In the 18th century, Wolf Tone was one of those rare men who managed to find himself well-respected by the political leadership in both the north and the south of Ireland. Although of Protestant stock ( which may shock some), he vehemently supported the cause of Irish Independence and set about to be a conciliatory intermediary between Catholics and Protestants throughout the country. In 1798 the consensus of opinion throughout Ireland was that an imminent French invasion would enhance the opportunity for independence and so the Nationalists rose up against the British occupying forces. Sadly the long-awaited invasion never took place; the rebels were soundly defeated; Tone was condemned to hang, but rather than face this final humiliation at the hands of the English, he took his own life by slitting his throat.

Michael Collins:

Was born at the end of the 19th century in County Cork and while still a young man, was one of the leaders of the famous “Easter Uprising” at the Dublin post office in 1921. Five years later, he was one of the group which signed the treaty to end the war between England and Ireland, much to the disgust of many of his compatriots. At the actual signing, Collins is reported to have said words to the effect of: “I believe that I have signed my own death warrant,” Sadly, his foreboding became reality when he was ambushed and killed in his native County Cork on August 22nd, 1922. He was only about 32 years old. In the years of the rebellion, Collins was responsible for organizing all resistance to English rule in Ireland and it is said that he alone is the author of all Guerilla Warfare tactics used today throughout the world.
(Editor’s Note: If you ever get the chance to see a movie on the life of Michael Collins, starring Liam Neeson, you will find it extremely informative and entertaining. The movie is called : “Michael Collins”. Also, while on the subject---- “The Informer” with Victor McLaglen is another great “Irish” movie to view)

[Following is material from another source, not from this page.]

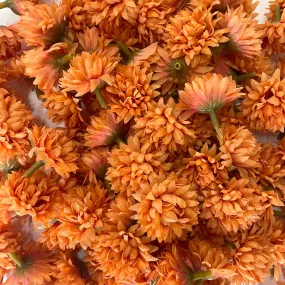 Artificial Silk Flower Heads - Orange Chrysanthemum Style 101 - 5 Pack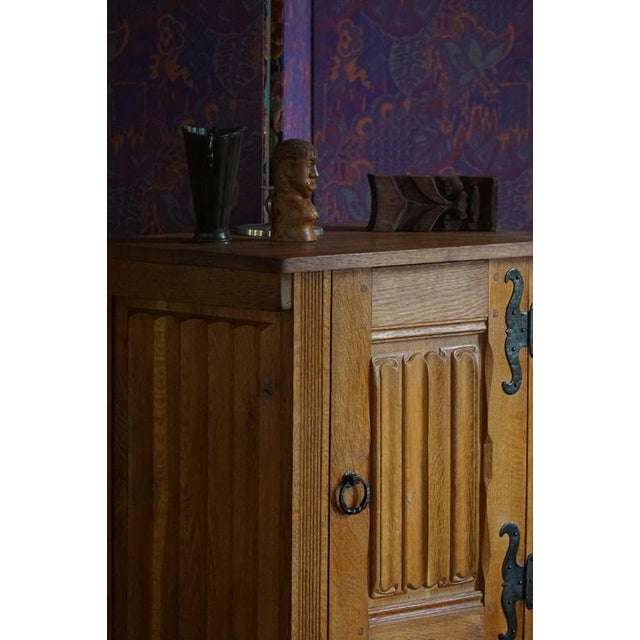 Brown Scandinavian Narrow Oak Cabinet, 1950s For Sale - Image 8 of 17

Monsignor Hugh O’Flaherty:

Whether Catholic or Protestant, the story of this man’s life and heroism can only leave you breathless with a feeling of awe-inspiring admiration. Assigned to the Vatican during World War II, he was solely responsible for establishing a rescue service by which he managed to save the lives of over 6000 Allied Troops and have them (miraculously) returned to their respective units via Switzerland. Since many of these soldiers were Jewish by birth and faith, their fate at the hands of the Nazis was all too certain. Yet Hugh O’Flaherty had them hidden by families in Rome and had them issued with Catholic Birth Certificates ( so that if they were captured, at least they could claim Catholic heritage and safety). Sometimes called “ The Scarlet Pimpernel of the Vatican”, his great nemesis was the Gestapo Chief in Rome, Colonel Herbert Kappler. It is estimated also that of the nearly 10,000 non-military Jews in Rome in 1942, only 1000 were shipped to concentration camps, mostly through the rescue efforts of Monsignor O‘Flaherty. After the war, Colonel Kappler was sentenced to life imprisonment as a war criminal. It speaks volumes about the character of Hugh O’Flaherty when we learn that during all his years in prison, Kappler’s only visitor was a certain Monsignor priest who visited the wretched Gestapo Chief once a month. The Vatican’s “Scarlet Pimpernel” eventually advanced to some of the Catholic Church’s highest positions until his retirement in 1960. Three years later he died and is buried in his native County Kerry.